File - Treasury Secretary Janet Yellen testifies before the Senate Banking, Housing, and Urban Affairs Committee hearing, May 10, 2022, on Capitol Hill in Washington. The U.S. will close the last avenue for Russia to pay back its billions in debt to international investors on Wednesday, making a Russian default on its debts for the first time since the Bolshevik Revolution all but inevitable. The Treasury Department said in a notification Tuesday that it does not plan to renew the license to allow Russia to keep paying its debtholders through American banks. (Tom Williams/Pool via AP, File)
File - Treasury Secretary Janet Yellen testifies before the Senate Banking, Housing, and Urban Affairs Committee hearing, May 10, 2022, on Capitol Hill in Washington.

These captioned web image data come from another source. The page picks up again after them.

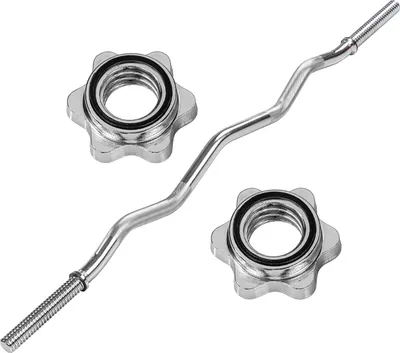 Produktbild von Movit® SZ Stange - 120 cm. 30 mm Durchmesser, 7 kg, bis 150 kg, - Curlstange, Curlhantel, Curl Hantelstange, SZ Hantel, Gewichtheben, Krafttraining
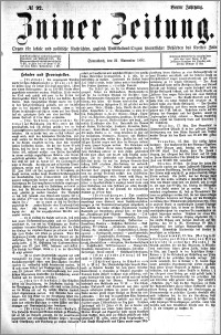 Zniner Zeitung 1891.11.21 R.4 nr 92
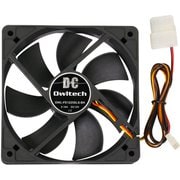 ケース用DCファン 2ボールベアリング 120mmサイズ 最大風量 56.59CMF(1.60m3/min) ブラック OWL-FE1225SLS-BK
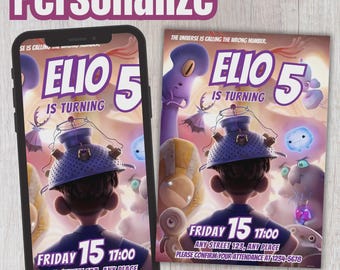 Elio Birthday Party Invitation Template, Customizable (Digital Download)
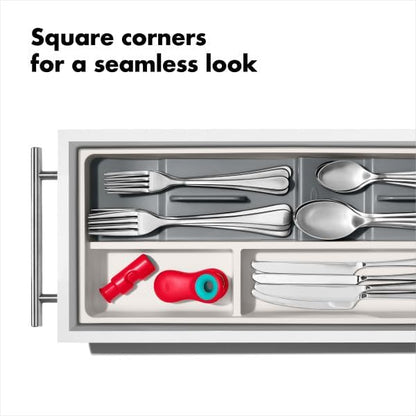 Good Grips Kitchen Drawer, Expandable Utensil Organizer, White
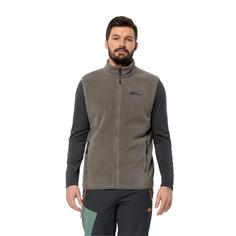 Rückansicht von Jack Wolfskin WALDSTEIG FZ VEST M Fleeceweste Herren cold coffee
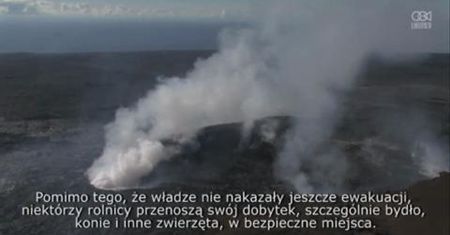 Na Wielkiej Wyspie na Hawajach lawa zagraża gospodarstwom rolnym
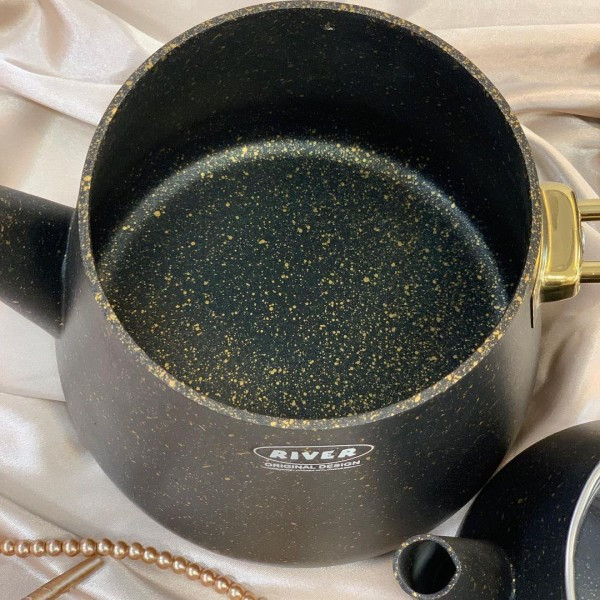 ست کتری و قوری چدن ریور (کتری ۲.۲ لیتر قوری ۱ لیتر)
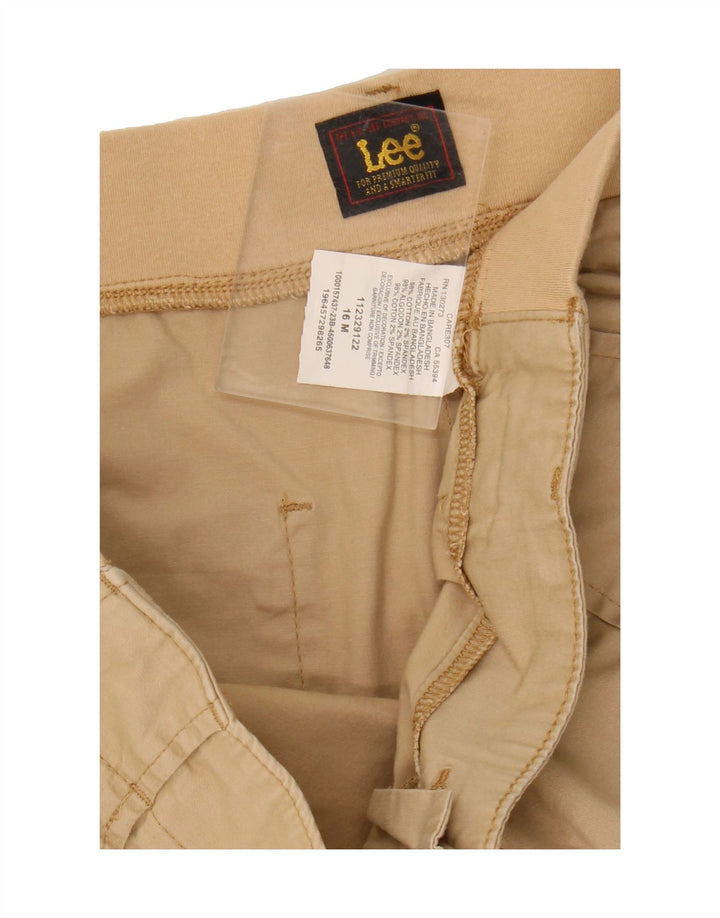LEE Womens Cargo Shorts US 16 2XL W36  Beige Cotton Vintage Lee and Second-Hand Lee from Messina Hembry 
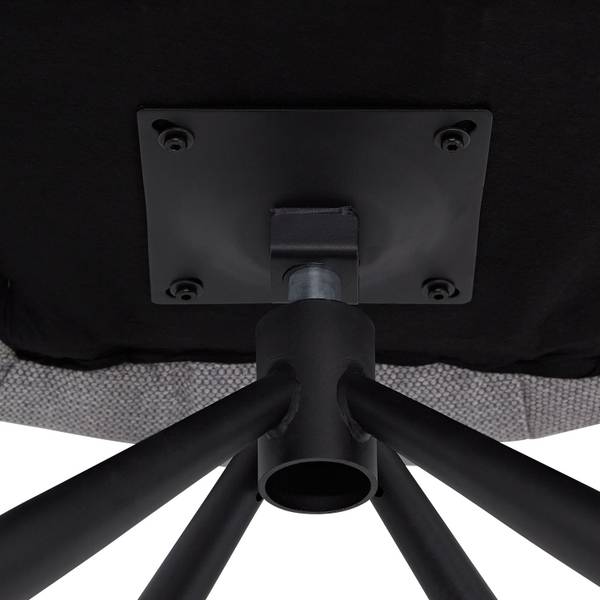 Chaise de salle à manger pivotante 2840 Gris - 1 chaise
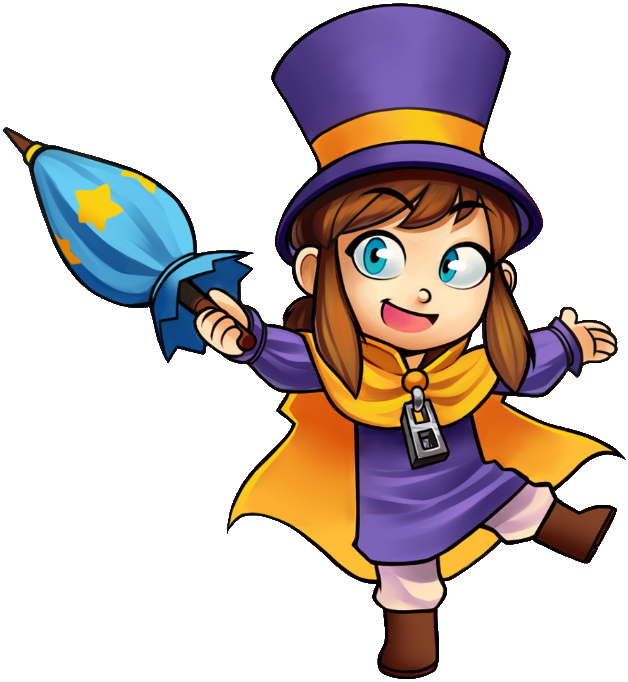 a hat in time concept art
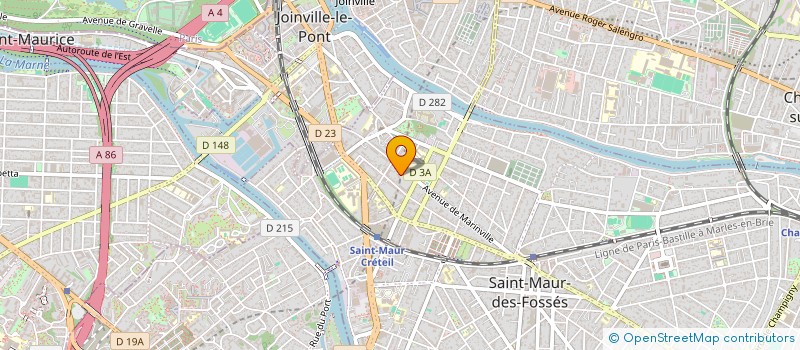 localisation de l'entreprise ADDEXPERT RH à SAINT-MAUR-DES-FOSSES
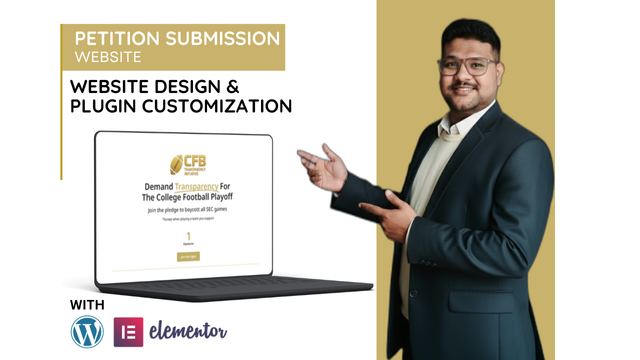 Petition Submission Website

The U.S. will close the last avenue for Russia to pay back its billions in debt to international investors on Wednesday, making a Russian default on its debts for the first time since the Bolshevik Revolution all but inevitable. The Treasury Department said in a notification Tuesday that it does not plan to renew the license to allow Russia to keep paying its debtholders through American banks. (Tom Williams/Pool via AP, File)

WASHINGTON -- The U.S. will close the last avenue for Russia to pay its billions in debt back to international investors on Wednesday, making a Russian default on its debts for the first time since the Bolshevik Revolution all but inevitable.

The Treasury Department said in a notification that does not plan to renew the license that allowed Russia to keep paying its debtholders through American banks.

Since the first rounds of sanctions, the Treasury Department has given banks a license to process any dollar-denominated bond payments from Russia. That window expires at midnight May 25.

There had already been signs that the Biden administration was unwilling to extend the deadline. At a press conference heading into the Group of Seven finance minister meetings in Koenigswinter, Germany, last week, Treasury Secretary Janet Yellen said the window existed "to allow a period of time for an orderly transition to take place, and for investors to be able to sell securities."

"The expectation was that it was time-limited," Yellen said.

Without the license to use U.S. banks to pay its debts, Russia would have no ability to repay its international bond investors. The Kremlin has been using JPMorgan Chase and Citigroup as its conduits to pay its obligations.

Jay Auslander, a prominent sovereign debt lawyer who previously litigated other debt crises like the one in Argentina, said at this point most of the institutional investors in Russian debts have likely sold their holdings, knowing this deadline is coming. Those who are still holding the debts are either distressed debt investors or those willing to wait to litigate it out over the next few years.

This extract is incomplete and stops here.